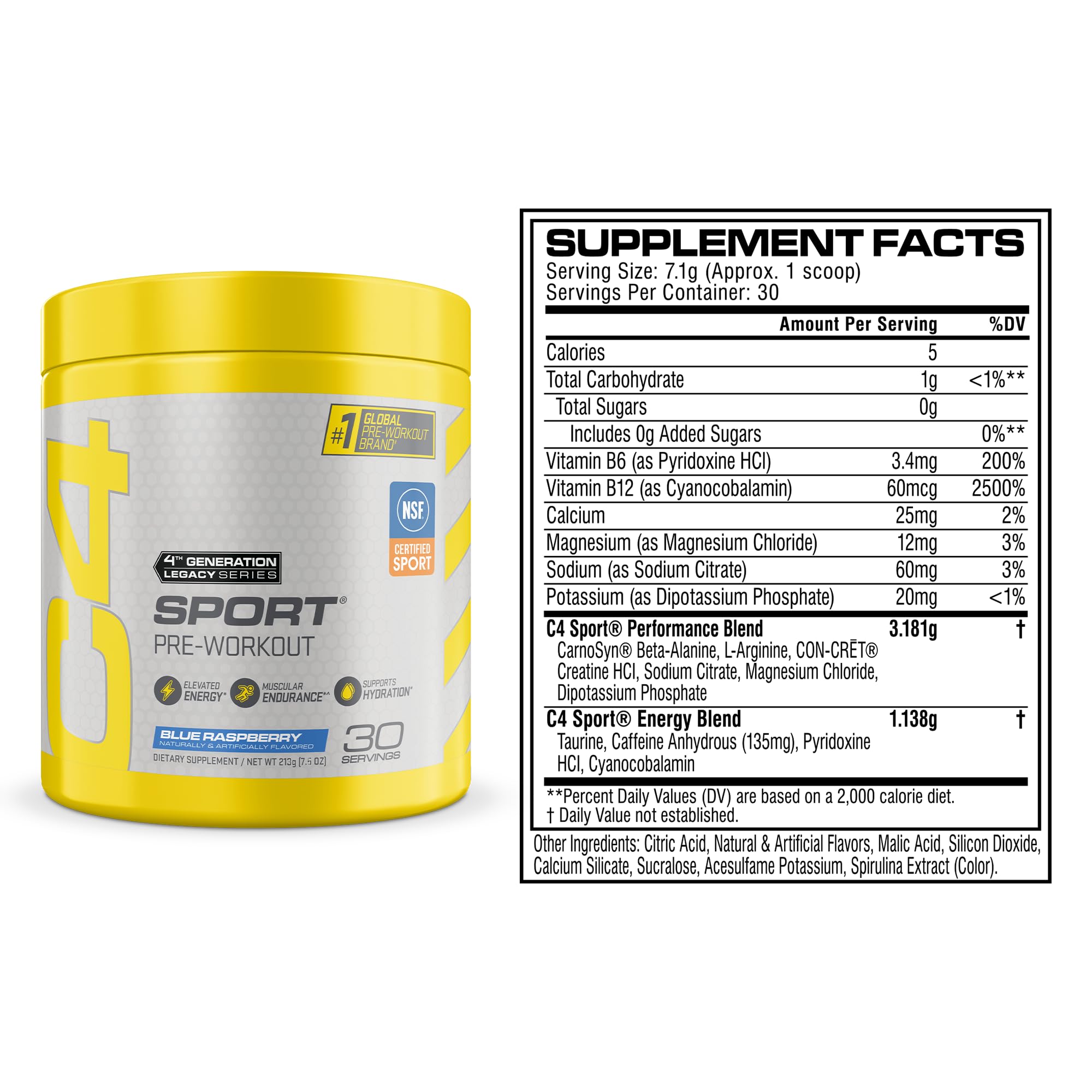 C4 Sport Pre Workout Powder with 135mg Caffeine, Blue Raspberry, 30 Serv — Amazon image 2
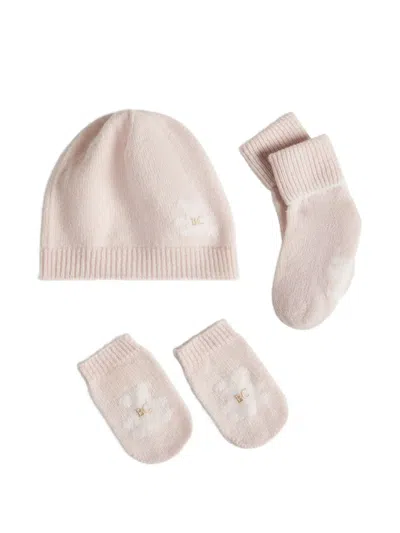 Brunello Cucinelli Cashmere Knit Baby Bernie Beanie, Gloves And Socks Set In Burgundy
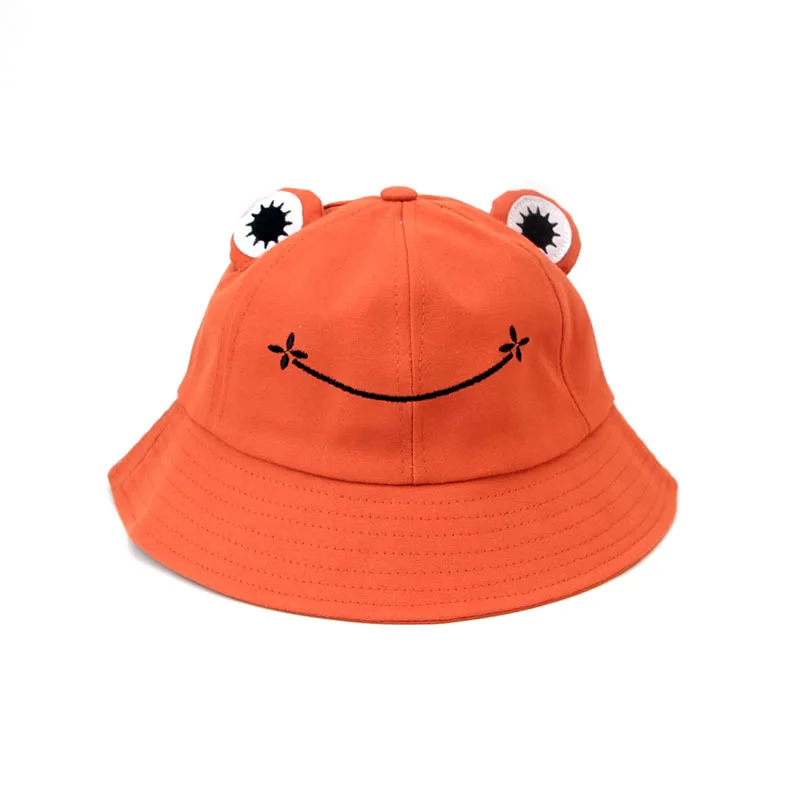 Cute Frog Hat For Women New Summer Autumn Frog Bucket Hat Outdoor  Beach Fisherman Sunscreen Panama Cap Bob Frog cotton bucket hat womens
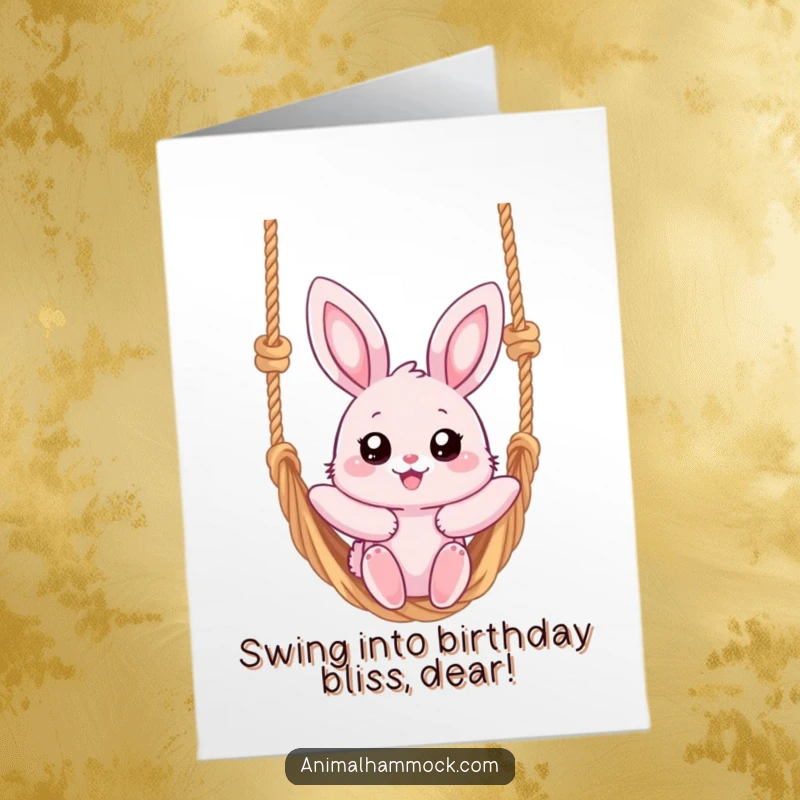 Funny Free Printable Birthday Card: Fluffy pink bunny with big eyes swinging joyfully on a hammock. DIY gift.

****************************************

_WHAT TO DO_. Every line above is to be returned exactly, with its pictures removed.

_WRITTEN SOLUTION_.
 C4 Sport Pre Workout Powder with 135mg Caffeine, Blue Raspberry, 30 Serv — Amazon image 2
 Brunello Cucinelli Cashmere Knit Baby Bernie Beanie, Gloves And Socks Set In Burgundy
 Cute Frog Hat For Women New Summer Autumn Frog Bucket Hat Outdoor  Beach Fisherman Sunscreen Panama Cap Bob Frog cotton bucket hat womens
 Funny Free Printable Birthday Card: Fluffy pink bunny with big eyes swinging joyfully on a hammock. DIY gift.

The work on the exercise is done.